What’s Missing From the White House’s Reports on AI? A Balanced Take on Entrepreneurism

Artificial Intelligence (AI) has long been the subject of books, movies, and games. But in recent years, AI technologies have become more widely available and used.  If the two new reports from the White House are any indication, Washington is taking notice of this development. Typically, this kind of attention means new regulatory requirements, but thankfully, the administration is moving in step with the larger community and isn’t calling for broad regulation right now. While these reports provide a good overview of AI technologies, they lack a rigorous explanation of the current entrepreneurial landscape and thus seem to miss how these technologies will be deployed in the coming years.

For those that aren’t especially knowledgeable in AI, the reports are broken down by subject matter. In “Preparing for the Future of Artificial Intelligence,” the administration provides a broad overview of AI, including a short history, an exploration of the current technologies, and a series of recommendations. In “The National Artificial Intelligence Research and Development Strategic Plan,” the White House establishes a set of objectives for federally funded AI research, both within the government as well as in academia. Importantly, the administration agrees with AAF’s submission in this matter, noting that “broad regulation of AI research or practice would be inadvisable at this time.” In a Wired interview that accompanied the reports, President Obama said that “early in a technology, a thousand flowers should bloom.”

What is noticeably absent from both the reports is an understanding of how those flowers will bloom, since very little attention is paid to the contemporary entrepreneurial context. While the White House does mention in passing that “the private sector will be the main engine of progress on AI,” it follows up immediately saying that “as it stands, there is an underinvestment in basic research.”
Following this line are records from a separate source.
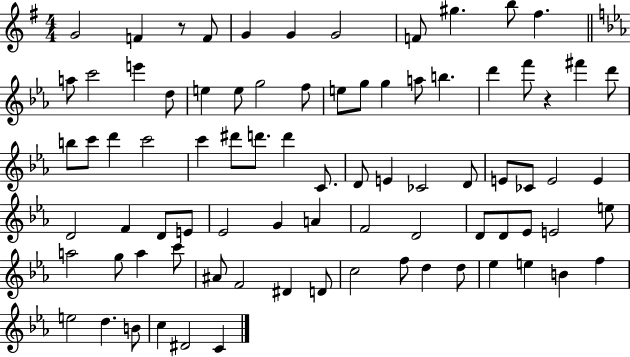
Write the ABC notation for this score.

X:1
T:Untitled
M:4/4
L:1/4
K:G
G2 F z/2 F/2 G G G2 F/2 ^g b/2 ^f a/2 c'2 e' d/2 e e/2 g2 f/2 e/2 g/2 g a/2 b d' f'/2 z ^f' d'/2 b/2 c'/2 d' c'2 c' ^d'/2 d'/2 d' C/2 D/2 E _C2 D/2 E/2 _C/2 E2 E D2 F D/2 E/2 _E2 G A F2 D2 D/2 D/2 _E/2 E2 e/2 a2 g/2 a c'/2 ^A/2 F2 ^D D/2 c2 f/2 d d/2 _e e B f e2 d B/2 c ^D2 C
This has been a claim stretching back decades. Back in 1983, the head of the Association for the Advancement of Artificial Intelligence, John McCarthy lamented the state of basic research:

“Too few people are doing basic research in AI relative to the number working on applications. The ratio of basic/applied is less in AI than in the older sciences and than in computer science generally. This is unfortunate, because reaching human level artificial intelligence will require fundamental conceptual advances.”
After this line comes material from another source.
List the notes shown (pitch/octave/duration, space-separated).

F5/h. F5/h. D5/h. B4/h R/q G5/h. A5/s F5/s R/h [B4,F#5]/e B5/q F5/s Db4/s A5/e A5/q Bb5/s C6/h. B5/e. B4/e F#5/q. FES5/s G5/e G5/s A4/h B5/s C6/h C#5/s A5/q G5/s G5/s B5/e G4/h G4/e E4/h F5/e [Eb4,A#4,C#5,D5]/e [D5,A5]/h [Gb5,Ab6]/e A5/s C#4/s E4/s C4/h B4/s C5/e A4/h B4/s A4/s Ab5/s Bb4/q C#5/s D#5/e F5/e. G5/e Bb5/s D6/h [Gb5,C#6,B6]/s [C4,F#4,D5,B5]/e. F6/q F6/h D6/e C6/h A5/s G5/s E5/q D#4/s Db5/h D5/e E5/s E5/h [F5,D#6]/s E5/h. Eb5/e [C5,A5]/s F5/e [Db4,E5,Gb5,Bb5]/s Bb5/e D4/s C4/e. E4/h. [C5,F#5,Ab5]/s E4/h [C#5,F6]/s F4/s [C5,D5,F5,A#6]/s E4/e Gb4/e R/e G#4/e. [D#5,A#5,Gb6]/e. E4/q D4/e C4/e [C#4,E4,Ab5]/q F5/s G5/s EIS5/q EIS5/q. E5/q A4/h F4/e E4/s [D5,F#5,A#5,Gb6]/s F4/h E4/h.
As is mentioned throughout both reports, the United States has been at the forefront of foundational research in AI. However, there have been few applications that have taken off commercially, so the industry has been dependent on these federal dollars to continue. In the lean years when optimism for AI technology waned, the industry underwent AI winters.

So why are we talking about AI now?

AI is moving out of the academy and into the marketplace, much like semiconductors did in the 1950s. Google, Facebook, Microsoft, IBM, and other high tech firms have invested serious capital into applications, investing in talent to make real products. And that labor has seen fruit. Just last year, Google released a suite of technologies known as TensorFlow, allowing for cheap and easy experimentation by hobbyists. Microsoft quickly followed with their own. Moreover, the cost of computation has also dropped dramatically. All combined, the effort is now on applications and this will mean commercially viable projects.

As AAF has explained before, the relationship between research and development spending, innovation, and economic growth is changing. While it might have been the case that science-based product innovations were a source of growth in previous decades, firms are becoming flexible assemblies, connecting skills, capacities, and funding from sources around the world. US firms continue to dominate in business model and process innovation, bringing the research to the public with a marketable good. AI is currently undergoing this kind of development.

The administration could be a leader in that space by recognizing how important entrepreneurs are in this stage of AI development. In the near term, AAF’s innovation agenda could help clean up the regulatory state, allowing AI applications to come to market. Thankfully, there is hesitancy to add onerous regulations to AI. But what should also be recognized is that a lot could be done to ensure all new technologies, not just AI, would benefit from a more complete understanding of entrepreneurism.